**Supplied records:**
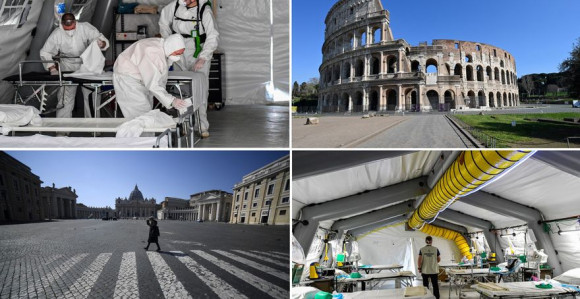 Najgori dan: U Italiji za dan umrle 793 osobe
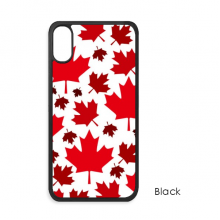 canada flavor  canadian maple flag cute cat iph x cases iphcase cover case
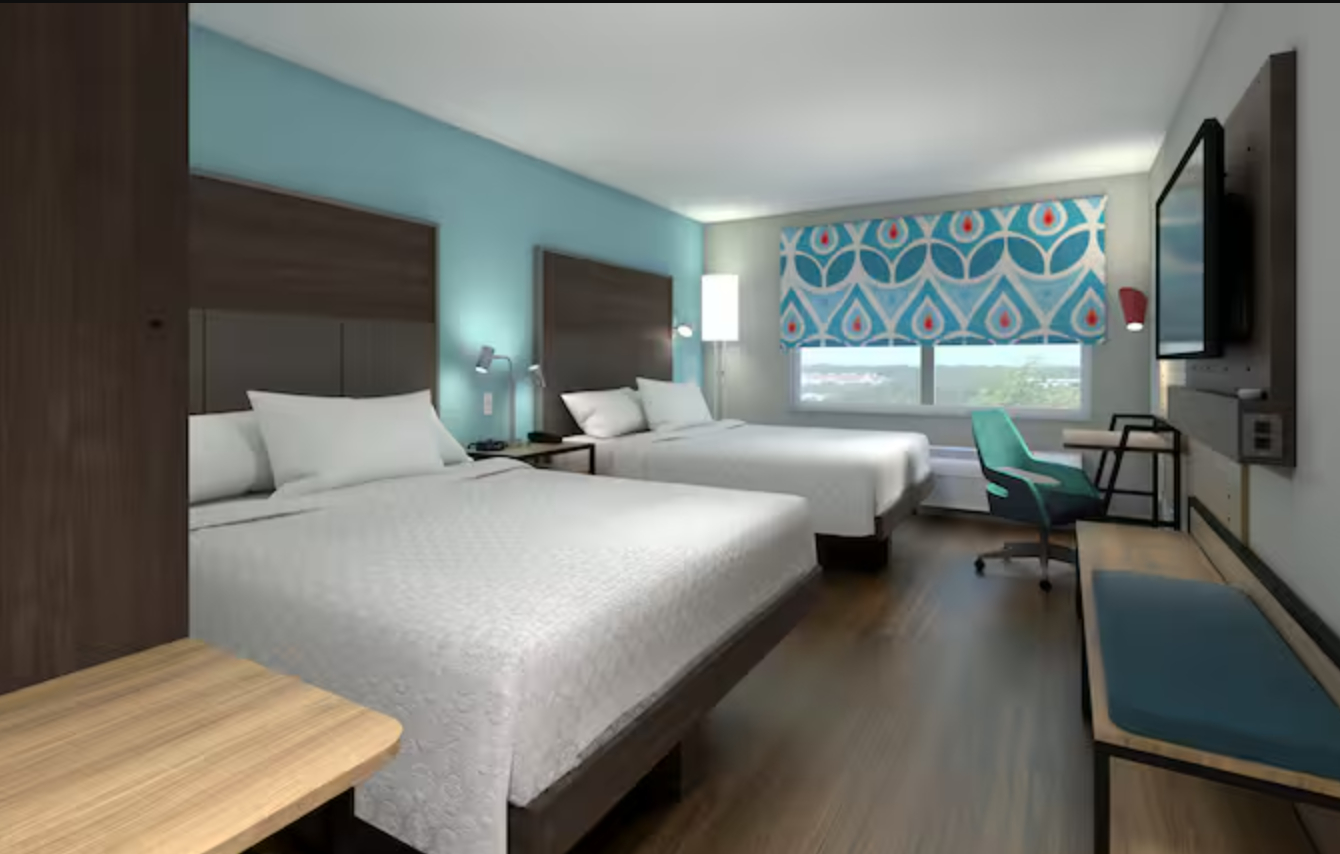 Bedroom, Tru by Hilton Austin University Capitol District, Travis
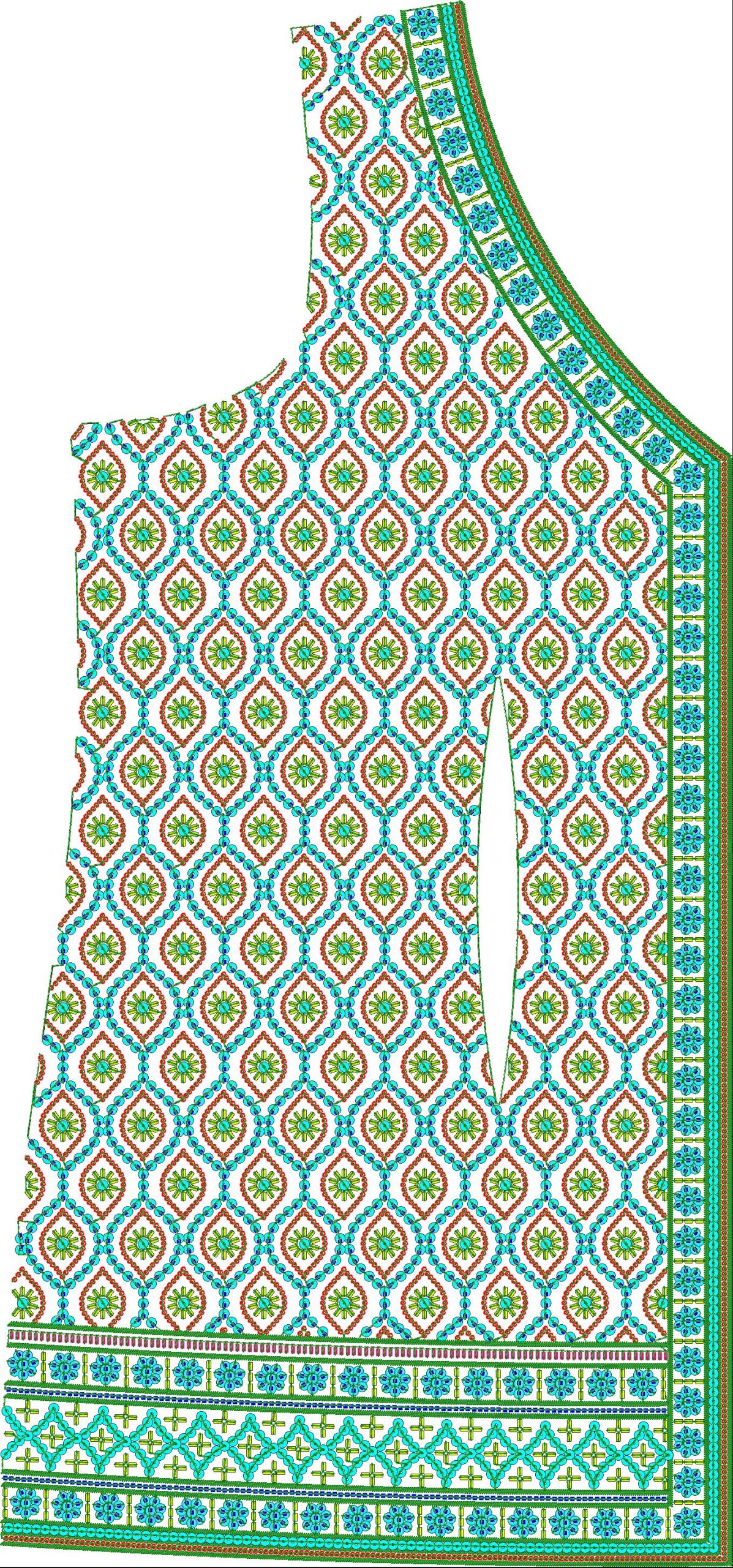 200+ NEW HEAVY BEADS BLOUSE - Image 14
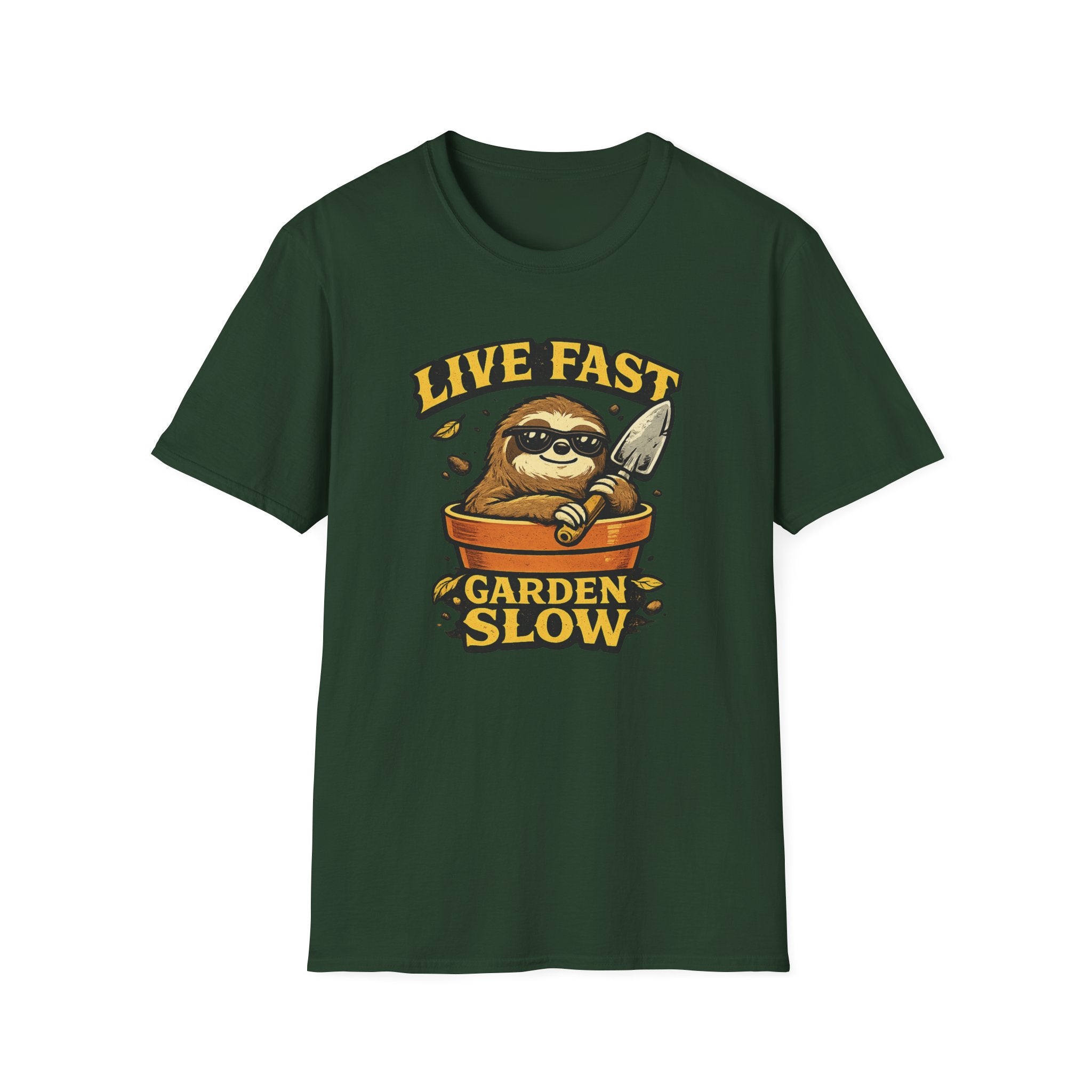 Live Fast Garden Slow T-Shirt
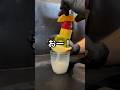 フルーツで作ったストローで牛乳飲んでみた #shorts #おもしろ動画 #やってみた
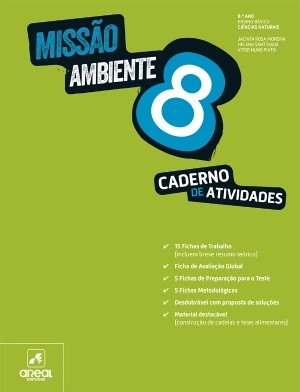 Missão: Ambiente 8 - Ciências Naturais - 8.º Ano - Caderno de Atividades Digital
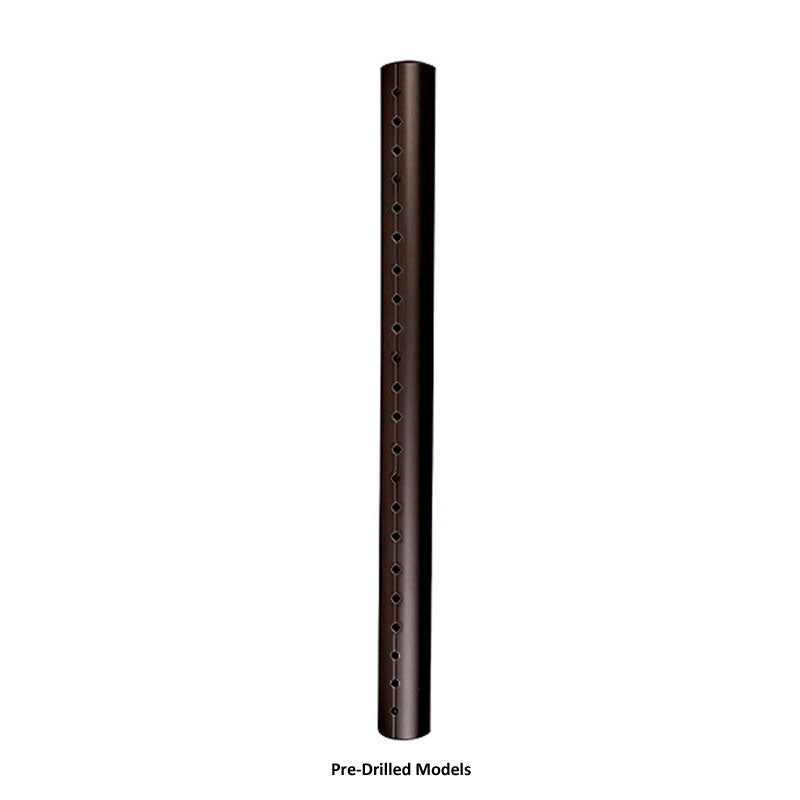 Chief CPA Series Pin Connection Column CPA018, CPA120, pre-drilled extension column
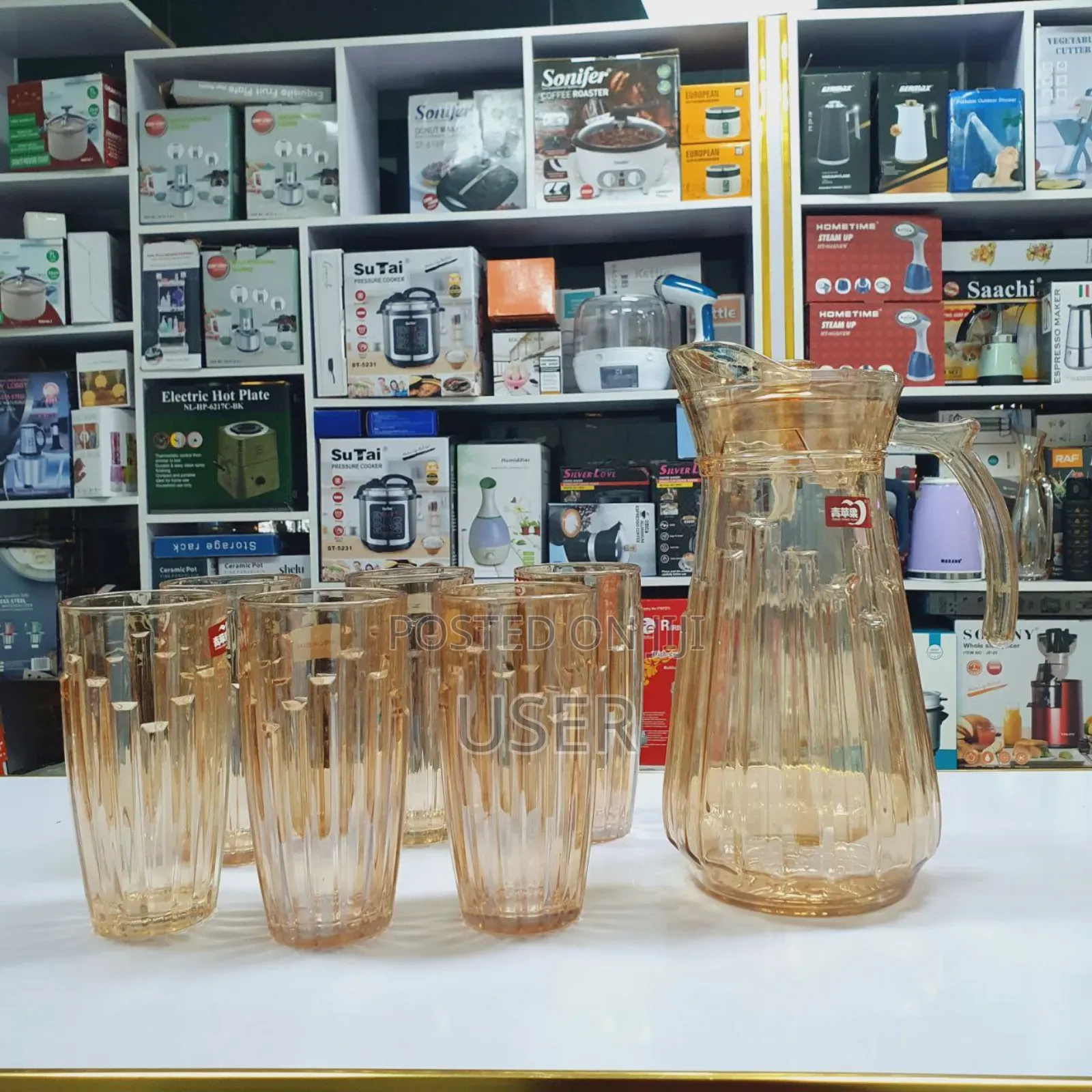 Deli Glass Quaffing Drinking Ware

**Problem description:** Output, exactly and only: the line containing "iphcase cover case", the last line of the listing above, and every line in between. Leave the pictures out.

**Exercise output:**
 canada flavor  canadian maple flag cute cat iph x cases iphcase cover case
 Bedroom, Tru by Hilton Austin University Capitol District, Travis
 200+ NEW HEAVY BEADS BLOUSE - Image 14
 Live Fast Garden Slow T-Shirt
 フルーツで作ったストローで牛乳飲んでみた #shorts #おもしろ動画 #やってみた
 Missão: Ambiente 8 - Ciências Naturais - 8.º Ano - Caderno de Atividades Digital
 Chief CPA Series Pin Connection Column CPA018, CPA120, pre-drilled extension column
 Deli Glass Quaffing Drinking Ware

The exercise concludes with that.